Exercise material: Begin

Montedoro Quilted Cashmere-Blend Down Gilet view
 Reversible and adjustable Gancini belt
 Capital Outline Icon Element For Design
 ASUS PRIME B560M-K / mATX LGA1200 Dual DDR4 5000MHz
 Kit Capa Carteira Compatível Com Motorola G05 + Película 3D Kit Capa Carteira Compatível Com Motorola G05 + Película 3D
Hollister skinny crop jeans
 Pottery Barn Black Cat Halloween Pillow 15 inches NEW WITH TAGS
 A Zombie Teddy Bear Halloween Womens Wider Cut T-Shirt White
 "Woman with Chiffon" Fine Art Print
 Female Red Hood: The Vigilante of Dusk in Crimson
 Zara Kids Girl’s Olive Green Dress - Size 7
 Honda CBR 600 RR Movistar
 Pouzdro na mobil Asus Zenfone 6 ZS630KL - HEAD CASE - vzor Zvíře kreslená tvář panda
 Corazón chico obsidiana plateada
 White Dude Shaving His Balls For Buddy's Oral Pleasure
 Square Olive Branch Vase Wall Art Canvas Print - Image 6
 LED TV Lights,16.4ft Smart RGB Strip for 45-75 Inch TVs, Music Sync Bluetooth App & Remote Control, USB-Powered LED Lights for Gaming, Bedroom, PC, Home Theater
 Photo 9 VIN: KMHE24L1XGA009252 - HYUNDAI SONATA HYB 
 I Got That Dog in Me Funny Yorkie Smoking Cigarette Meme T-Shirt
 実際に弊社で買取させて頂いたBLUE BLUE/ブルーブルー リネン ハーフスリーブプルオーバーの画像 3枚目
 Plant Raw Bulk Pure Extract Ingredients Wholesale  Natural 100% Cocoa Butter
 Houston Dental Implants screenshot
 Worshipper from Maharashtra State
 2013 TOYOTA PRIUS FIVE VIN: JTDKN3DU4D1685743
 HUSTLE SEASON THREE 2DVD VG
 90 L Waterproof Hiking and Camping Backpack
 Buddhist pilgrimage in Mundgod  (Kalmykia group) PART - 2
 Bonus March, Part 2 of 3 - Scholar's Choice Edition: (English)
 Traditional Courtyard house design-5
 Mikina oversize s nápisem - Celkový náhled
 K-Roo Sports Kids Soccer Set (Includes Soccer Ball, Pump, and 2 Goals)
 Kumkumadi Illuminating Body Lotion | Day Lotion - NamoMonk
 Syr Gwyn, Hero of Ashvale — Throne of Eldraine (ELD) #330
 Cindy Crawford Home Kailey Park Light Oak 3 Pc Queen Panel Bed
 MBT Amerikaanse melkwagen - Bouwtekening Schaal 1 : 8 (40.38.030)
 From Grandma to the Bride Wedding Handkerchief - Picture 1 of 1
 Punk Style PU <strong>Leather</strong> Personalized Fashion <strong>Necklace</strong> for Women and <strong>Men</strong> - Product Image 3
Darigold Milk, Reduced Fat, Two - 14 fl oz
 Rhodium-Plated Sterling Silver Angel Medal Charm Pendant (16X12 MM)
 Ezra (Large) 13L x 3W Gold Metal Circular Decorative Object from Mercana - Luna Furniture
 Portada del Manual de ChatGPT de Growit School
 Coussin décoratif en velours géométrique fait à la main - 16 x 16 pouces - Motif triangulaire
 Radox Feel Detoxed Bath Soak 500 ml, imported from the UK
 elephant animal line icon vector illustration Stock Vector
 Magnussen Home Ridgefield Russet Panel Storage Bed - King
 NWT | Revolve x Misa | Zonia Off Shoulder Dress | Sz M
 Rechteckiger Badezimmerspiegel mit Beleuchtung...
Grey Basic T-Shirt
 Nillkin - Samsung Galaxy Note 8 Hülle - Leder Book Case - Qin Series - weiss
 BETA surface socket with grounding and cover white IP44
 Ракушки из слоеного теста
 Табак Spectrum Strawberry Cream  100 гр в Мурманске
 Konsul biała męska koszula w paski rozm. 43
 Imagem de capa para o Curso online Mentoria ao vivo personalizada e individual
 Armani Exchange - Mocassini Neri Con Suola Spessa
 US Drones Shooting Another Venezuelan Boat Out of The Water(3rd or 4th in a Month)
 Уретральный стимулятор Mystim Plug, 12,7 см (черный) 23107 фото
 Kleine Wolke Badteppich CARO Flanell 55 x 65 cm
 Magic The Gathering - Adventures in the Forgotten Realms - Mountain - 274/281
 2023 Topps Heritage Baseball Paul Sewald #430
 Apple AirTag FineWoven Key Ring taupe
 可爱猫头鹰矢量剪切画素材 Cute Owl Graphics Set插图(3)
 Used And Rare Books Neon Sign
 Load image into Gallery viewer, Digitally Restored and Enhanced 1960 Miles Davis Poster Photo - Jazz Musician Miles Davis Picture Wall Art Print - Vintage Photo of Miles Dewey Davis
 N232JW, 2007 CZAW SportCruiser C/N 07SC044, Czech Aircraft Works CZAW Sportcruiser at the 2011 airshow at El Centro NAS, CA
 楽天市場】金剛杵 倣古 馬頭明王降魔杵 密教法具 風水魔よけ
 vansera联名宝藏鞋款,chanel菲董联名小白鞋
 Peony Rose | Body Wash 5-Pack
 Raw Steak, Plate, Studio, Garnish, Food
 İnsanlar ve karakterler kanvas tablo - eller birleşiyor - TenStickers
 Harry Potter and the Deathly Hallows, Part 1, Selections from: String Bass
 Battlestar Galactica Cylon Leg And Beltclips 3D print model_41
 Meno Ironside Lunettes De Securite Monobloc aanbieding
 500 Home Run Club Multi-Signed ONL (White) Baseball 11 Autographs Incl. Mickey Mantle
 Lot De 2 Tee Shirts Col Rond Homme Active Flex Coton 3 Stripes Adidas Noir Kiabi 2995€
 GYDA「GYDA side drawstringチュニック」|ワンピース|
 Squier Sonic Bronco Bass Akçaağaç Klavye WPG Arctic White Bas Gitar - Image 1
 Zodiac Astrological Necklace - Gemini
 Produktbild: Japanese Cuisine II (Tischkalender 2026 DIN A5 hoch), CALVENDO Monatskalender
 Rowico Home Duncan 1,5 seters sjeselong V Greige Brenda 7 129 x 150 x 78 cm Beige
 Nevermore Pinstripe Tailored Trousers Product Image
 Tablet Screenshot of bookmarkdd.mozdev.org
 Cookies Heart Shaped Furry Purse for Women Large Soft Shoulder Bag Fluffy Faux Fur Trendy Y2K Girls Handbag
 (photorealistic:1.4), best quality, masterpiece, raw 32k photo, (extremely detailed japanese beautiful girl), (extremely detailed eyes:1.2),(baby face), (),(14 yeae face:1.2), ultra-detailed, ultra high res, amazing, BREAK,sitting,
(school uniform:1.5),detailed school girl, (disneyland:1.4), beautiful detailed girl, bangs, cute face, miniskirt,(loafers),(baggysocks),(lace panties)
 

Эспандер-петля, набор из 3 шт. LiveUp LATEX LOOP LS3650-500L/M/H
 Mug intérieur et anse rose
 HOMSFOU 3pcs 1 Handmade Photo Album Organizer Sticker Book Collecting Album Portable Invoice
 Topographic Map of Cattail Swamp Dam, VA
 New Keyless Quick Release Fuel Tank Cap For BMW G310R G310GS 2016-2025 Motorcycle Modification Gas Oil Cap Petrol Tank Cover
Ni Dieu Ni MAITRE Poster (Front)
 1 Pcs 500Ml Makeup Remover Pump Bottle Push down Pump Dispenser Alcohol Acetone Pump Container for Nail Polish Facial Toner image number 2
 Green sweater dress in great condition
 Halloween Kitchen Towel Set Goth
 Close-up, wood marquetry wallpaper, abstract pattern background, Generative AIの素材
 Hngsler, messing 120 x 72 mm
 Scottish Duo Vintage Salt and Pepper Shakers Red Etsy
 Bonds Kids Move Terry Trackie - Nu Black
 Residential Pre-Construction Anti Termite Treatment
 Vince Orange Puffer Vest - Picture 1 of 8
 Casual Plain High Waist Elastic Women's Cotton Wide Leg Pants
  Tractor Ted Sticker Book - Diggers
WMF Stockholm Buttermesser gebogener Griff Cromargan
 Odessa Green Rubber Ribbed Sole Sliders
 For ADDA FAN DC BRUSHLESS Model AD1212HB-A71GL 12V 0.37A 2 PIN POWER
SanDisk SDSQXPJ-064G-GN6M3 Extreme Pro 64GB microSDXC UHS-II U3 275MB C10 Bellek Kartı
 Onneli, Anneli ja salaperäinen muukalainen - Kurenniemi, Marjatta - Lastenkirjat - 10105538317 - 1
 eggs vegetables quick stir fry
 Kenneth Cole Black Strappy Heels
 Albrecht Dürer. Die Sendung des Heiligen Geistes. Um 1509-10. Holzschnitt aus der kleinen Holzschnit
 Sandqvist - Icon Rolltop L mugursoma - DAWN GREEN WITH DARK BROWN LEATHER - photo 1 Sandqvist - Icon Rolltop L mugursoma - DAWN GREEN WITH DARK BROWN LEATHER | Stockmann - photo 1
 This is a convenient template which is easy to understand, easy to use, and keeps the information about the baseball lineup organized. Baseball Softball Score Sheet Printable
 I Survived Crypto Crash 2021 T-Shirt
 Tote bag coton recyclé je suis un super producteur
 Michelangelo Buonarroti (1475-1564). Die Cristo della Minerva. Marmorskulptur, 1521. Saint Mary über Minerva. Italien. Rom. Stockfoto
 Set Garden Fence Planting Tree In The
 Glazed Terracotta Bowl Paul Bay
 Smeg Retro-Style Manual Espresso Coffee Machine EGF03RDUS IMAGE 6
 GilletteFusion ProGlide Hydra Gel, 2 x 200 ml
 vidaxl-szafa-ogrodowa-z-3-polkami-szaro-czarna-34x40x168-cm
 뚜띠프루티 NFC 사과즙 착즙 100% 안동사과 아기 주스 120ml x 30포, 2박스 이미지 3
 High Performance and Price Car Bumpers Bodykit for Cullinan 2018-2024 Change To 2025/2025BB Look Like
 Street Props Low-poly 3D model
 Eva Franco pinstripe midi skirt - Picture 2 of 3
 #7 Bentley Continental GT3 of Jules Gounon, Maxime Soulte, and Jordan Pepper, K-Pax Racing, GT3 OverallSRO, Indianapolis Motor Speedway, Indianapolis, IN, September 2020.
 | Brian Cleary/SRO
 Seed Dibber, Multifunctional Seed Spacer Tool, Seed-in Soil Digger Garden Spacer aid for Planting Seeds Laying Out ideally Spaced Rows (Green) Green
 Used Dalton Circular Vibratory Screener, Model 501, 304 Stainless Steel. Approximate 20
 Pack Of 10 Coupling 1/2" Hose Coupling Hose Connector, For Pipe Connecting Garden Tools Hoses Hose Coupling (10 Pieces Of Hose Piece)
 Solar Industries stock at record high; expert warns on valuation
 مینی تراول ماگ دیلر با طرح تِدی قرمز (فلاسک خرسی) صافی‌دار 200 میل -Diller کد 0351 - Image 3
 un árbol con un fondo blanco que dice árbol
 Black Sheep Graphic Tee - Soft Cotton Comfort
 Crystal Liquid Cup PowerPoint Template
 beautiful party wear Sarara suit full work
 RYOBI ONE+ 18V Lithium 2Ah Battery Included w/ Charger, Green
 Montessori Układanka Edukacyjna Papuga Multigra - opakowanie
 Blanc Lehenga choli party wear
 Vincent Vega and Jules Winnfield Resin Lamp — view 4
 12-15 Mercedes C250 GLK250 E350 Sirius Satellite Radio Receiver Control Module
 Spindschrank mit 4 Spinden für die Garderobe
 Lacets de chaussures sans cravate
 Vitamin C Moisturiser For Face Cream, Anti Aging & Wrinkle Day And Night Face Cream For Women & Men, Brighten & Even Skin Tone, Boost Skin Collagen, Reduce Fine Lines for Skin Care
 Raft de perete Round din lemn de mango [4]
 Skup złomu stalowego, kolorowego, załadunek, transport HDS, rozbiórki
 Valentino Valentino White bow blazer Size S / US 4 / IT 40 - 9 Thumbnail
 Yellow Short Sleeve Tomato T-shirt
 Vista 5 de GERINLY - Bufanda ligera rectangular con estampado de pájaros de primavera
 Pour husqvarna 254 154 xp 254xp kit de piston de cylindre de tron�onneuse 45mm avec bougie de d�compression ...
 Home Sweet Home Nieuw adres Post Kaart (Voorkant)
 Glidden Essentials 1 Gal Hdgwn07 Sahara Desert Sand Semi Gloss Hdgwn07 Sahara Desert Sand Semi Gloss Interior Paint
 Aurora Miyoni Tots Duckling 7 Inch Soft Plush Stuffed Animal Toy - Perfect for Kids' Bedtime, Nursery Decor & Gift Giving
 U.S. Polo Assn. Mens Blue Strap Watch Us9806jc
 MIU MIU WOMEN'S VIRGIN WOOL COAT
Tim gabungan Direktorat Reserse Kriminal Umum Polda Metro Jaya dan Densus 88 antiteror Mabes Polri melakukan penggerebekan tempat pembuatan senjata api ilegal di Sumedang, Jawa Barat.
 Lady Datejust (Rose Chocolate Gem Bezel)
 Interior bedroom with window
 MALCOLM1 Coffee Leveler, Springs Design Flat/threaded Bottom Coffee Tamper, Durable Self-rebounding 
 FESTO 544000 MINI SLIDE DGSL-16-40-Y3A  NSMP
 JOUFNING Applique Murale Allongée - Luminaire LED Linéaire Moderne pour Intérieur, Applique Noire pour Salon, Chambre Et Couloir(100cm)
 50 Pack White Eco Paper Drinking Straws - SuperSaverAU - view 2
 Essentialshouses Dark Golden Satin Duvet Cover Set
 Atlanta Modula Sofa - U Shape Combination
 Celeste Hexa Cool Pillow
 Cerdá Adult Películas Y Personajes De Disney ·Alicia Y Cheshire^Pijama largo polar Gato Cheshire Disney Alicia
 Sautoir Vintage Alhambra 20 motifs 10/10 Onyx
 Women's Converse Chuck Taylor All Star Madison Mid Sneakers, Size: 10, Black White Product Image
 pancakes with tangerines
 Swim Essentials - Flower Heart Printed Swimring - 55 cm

Exercise material: End

## Assignment
Reproduce exactly the lines above from the line with "N232JW, 2007 CZAW" to the line with "İnsanlar ve karakterler", including both, and add nothing.

## Task solution
 N232JW, 2007 CZAW SportCruiser C/N 07SC044, Czech Aircraft Works CZAW Sportcruiser at the 2011 airshow at El Centro NAS, CA
 楽天市場】金剛杵 倣古 馬頭明王降魔杵 密教法具 風水魔よけ
 vansera联名宝藏鞋款,chanel菲董联名小白鞋
 Peony Rose | Body Wash 5-Pack
 Raw Steak, Plate, Studio, Garnish, Food
 İnsanlar ve karakterler kanvas tablo - eller birleşiyor - TenStickers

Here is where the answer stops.